[INFORMATION PROVIDED]

::::::::

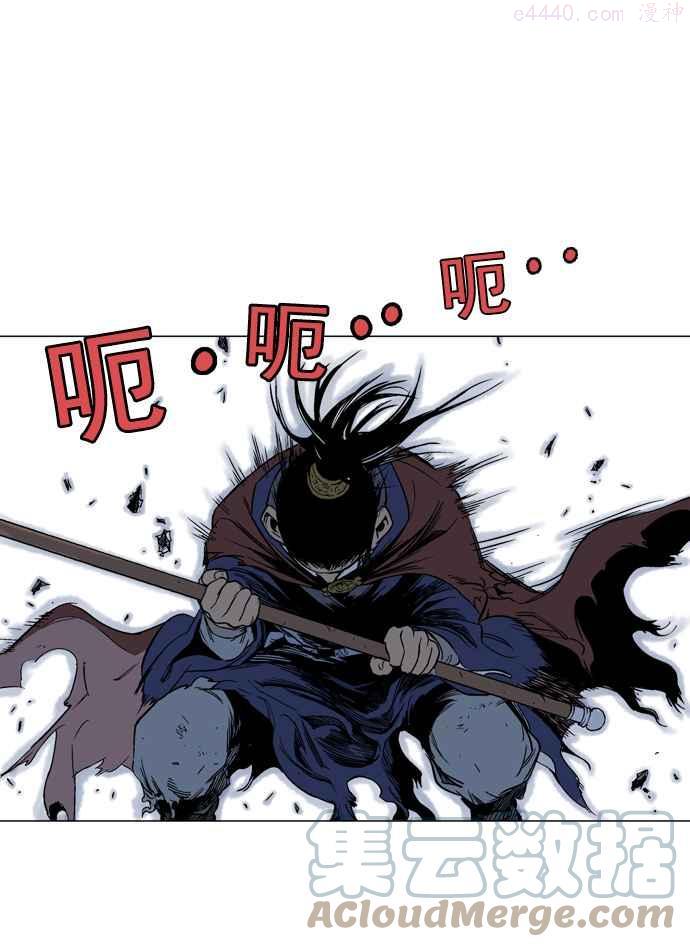 高手~漫画,第49话 铁狮子 陶谦 145图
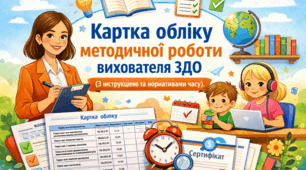 Картка обліку методичної роботи педагога ЗДО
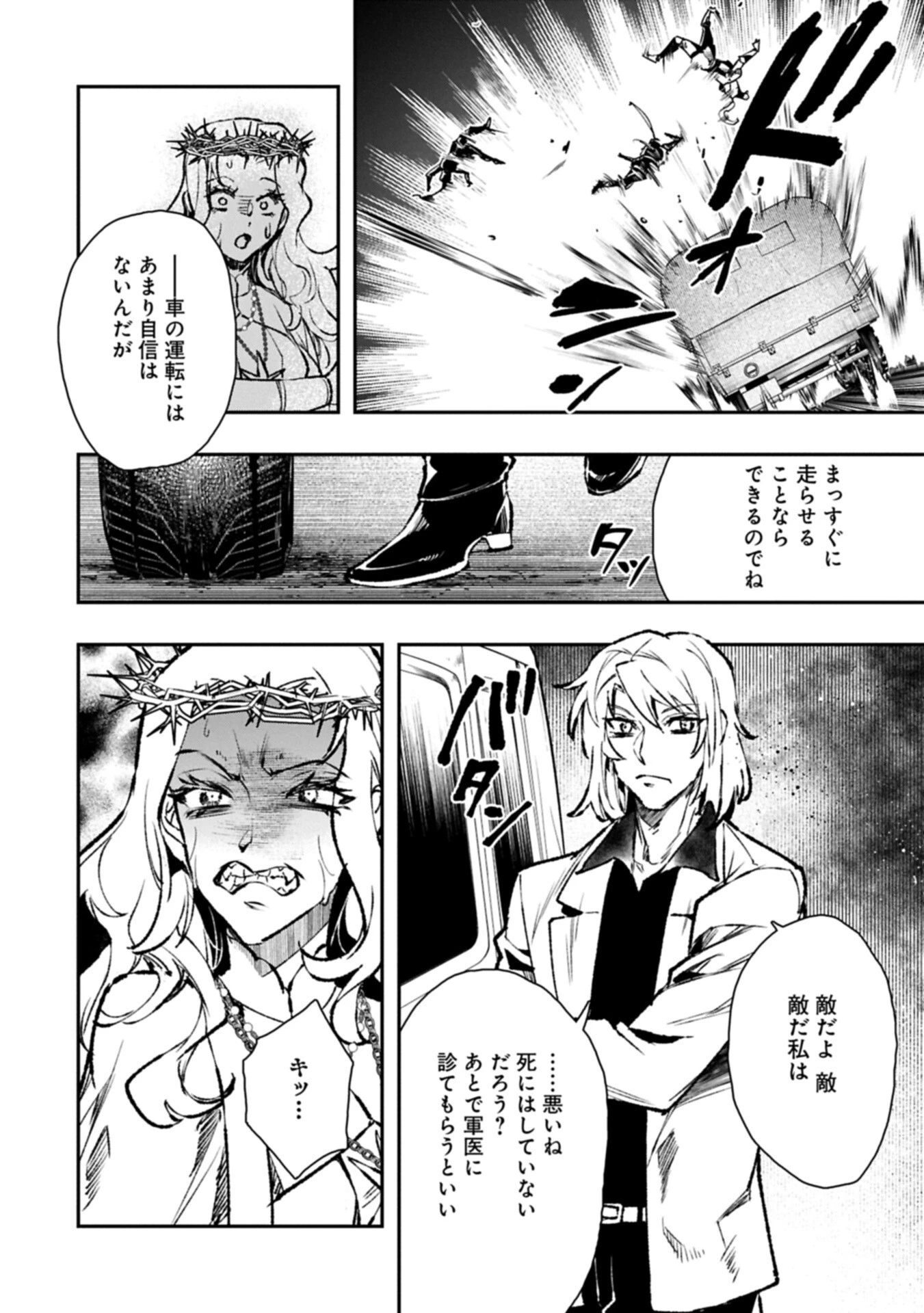 異端のダークヒーラー、魔国幹部として人類を衰退に導くようです ～ただ心穏やかに利益と知識を追求したいだけなのに～ 第12話 - 20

::::::::

[TASK BRIEF]
All of the preceding material should be output verbatim, with the pictures excluded.

[RESPONSE BOX]
 高手~漫画,第49话 铁狮子 陶谦 145图
 Картка обліку методичної роботи педагога ЗДО
 異端のダークヒーラー、魔国幹部として人類を衰退に導くようです ～ただ心穏やかに利益と知識を追求したいだけなのに～ 第12話 - 20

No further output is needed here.